----- Dataset extract

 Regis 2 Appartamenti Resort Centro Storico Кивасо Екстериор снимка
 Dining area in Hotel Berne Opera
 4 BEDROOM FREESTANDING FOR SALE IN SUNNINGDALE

----------
----- Dataset extract

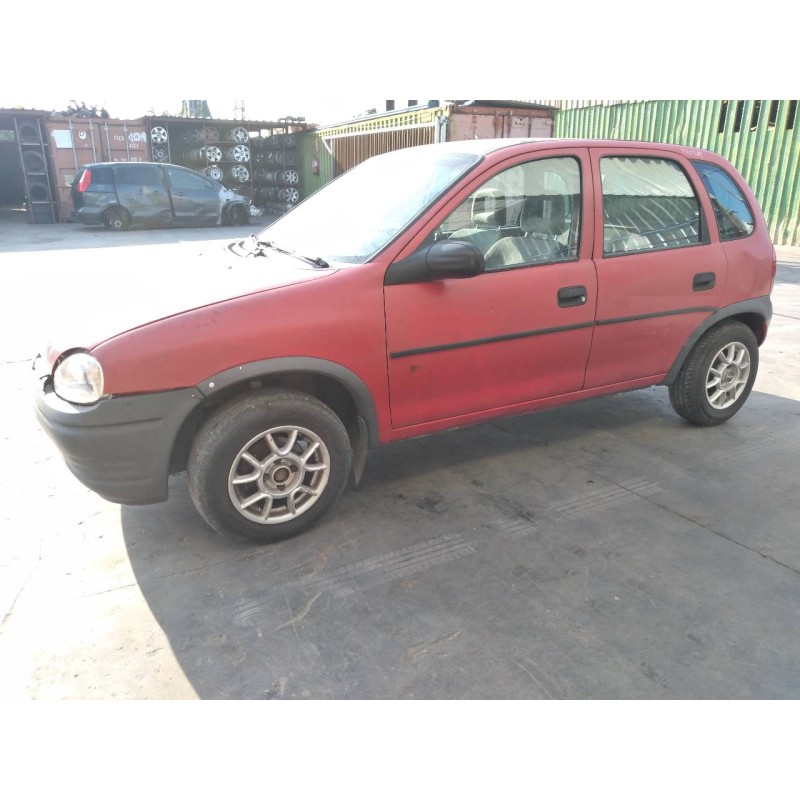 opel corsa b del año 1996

----------

» **Problem details**
After locating the line holding "Regis 2 Appartamenti" above, output exactly that line and every line after it through the line holding "4 BEDROOM FREESTANDING". Include nothing else.

» **Output for this task**
 Regis 2 Appartamenti Resort Centro Storico Кивасо Екстериор снимка
 Dining area in Hotel Berne Opera
 4 BEDROOM FREESTANDING FOR SALE IN SUNNINGDALE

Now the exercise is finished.